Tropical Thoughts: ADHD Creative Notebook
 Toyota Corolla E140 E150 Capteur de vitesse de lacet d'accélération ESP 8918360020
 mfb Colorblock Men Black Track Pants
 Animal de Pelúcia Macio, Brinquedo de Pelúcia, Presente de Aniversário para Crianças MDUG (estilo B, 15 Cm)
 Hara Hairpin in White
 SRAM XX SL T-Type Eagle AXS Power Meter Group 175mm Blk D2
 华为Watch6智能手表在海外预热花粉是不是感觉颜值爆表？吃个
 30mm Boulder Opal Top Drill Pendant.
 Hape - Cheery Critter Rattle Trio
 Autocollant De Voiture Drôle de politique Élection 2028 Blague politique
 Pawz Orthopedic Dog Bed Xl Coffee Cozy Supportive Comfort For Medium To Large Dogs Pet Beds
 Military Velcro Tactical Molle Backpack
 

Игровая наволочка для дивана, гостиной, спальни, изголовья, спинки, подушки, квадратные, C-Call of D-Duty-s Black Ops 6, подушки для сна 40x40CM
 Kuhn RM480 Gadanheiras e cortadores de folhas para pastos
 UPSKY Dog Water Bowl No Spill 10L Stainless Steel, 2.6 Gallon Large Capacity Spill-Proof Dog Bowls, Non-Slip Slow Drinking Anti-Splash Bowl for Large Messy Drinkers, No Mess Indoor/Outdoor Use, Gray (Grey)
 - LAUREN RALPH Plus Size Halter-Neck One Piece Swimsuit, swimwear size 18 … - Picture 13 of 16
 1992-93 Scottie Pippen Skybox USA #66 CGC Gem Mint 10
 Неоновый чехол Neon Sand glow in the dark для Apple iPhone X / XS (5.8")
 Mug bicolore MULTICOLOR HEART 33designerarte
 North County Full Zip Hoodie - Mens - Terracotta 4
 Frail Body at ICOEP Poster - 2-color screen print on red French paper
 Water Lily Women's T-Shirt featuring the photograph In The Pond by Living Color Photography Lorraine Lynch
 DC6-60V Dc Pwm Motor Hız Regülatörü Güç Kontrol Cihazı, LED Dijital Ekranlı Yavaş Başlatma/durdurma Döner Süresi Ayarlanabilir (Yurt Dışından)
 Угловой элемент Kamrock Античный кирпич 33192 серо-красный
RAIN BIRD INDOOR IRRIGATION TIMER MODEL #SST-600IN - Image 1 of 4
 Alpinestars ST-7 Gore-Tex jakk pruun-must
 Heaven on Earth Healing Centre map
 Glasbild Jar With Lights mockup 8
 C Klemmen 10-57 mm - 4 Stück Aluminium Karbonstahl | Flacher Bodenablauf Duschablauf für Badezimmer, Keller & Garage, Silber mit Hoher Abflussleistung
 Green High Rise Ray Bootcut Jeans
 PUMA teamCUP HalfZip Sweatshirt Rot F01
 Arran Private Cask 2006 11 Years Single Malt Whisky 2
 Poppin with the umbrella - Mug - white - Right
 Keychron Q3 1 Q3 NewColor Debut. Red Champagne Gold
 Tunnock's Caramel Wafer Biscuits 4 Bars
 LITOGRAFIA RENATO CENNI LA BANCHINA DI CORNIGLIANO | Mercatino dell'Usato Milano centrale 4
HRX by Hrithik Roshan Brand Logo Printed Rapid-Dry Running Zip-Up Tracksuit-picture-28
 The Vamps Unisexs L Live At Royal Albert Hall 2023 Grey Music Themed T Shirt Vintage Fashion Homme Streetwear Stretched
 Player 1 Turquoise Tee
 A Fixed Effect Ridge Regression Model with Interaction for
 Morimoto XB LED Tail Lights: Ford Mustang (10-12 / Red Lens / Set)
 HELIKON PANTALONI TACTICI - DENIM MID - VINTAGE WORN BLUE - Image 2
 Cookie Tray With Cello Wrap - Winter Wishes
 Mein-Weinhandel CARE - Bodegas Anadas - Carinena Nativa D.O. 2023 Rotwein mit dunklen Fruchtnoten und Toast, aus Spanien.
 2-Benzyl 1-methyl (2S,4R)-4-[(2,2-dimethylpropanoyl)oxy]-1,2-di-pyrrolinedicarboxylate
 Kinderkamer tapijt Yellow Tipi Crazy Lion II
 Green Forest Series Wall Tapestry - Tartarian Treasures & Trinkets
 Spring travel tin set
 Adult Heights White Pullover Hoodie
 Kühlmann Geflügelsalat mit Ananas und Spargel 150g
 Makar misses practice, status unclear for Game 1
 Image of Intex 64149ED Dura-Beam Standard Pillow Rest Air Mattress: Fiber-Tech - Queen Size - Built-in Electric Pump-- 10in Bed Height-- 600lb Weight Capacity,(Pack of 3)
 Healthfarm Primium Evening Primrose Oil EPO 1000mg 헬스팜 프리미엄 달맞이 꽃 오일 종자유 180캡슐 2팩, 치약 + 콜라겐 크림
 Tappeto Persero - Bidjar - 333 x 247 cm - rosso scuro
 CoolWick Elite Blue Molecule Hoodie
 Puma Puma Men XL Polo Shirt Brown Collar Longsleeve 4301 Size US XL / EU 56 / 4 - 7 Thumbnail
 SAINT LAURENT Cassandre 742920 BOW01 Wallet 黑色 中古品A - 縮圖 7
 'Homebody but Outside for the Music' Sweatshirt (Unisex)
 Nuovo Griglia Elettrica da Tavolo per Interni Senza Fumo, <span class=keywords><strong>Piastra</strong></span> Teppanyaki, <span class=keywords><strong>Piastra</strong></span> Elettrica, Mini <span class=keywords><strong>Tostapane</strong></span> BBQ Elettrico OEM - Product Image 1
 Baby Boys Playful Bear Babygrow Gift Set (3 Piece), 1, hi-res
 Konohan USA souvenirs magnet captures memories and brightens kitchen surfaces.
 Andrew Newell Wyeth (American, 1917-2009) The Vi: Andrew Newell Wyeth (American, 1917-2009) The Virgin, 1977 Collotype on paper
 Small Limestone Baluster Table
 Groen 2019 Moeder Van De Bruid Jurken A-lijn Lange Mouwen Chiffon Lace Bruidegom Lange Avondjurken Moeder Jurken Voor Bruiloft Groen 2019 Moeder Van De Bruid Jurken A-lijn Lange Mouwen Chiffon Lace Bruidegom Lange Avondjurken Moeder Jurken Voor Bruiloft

--------------------------------------------------

* **What is required**:
For the material above, reproduce exactly the lines from the line with "Mug bicolore MULTICOLOR HEART 33designerarte" to the line with "Glasbild Jar With Lights mockup 8", inclusive, and exclude all others.

* **Result for this task**:
 Mug bicolore MULTICOLOR HEART 33designerarte
 North County Full Zip Hoodie - Mens - Terracotta 4
 Frail Body at ICOEP Poster - 2-color screen print on red French paper
 Water Lily Women's T-Shirt featuring the photograph In The Pond by Living Color Photography Lorraine Lynch
 DC6-60V Dc Pwm Motor Hız Regülatörü Güç Kontrol Cihazı, LED Dijital Ekranlı Yavaş Başlatma/durdurma Döner Süresi Ayarlanabilir (Yurt Dışından)
 Угловой элемент Kamrock Античный кирпич 33192 серо-красный
RAIN BIRD INDOOR IRRIGATION TIMER MODEL #SST-600IN - Image 1 of 4
 Alpinestars ST-7 Gore-Tex jakk pruun-must
 Heaven on Earth Healing Centre map
 Glasbild Jar With Lights mockup 8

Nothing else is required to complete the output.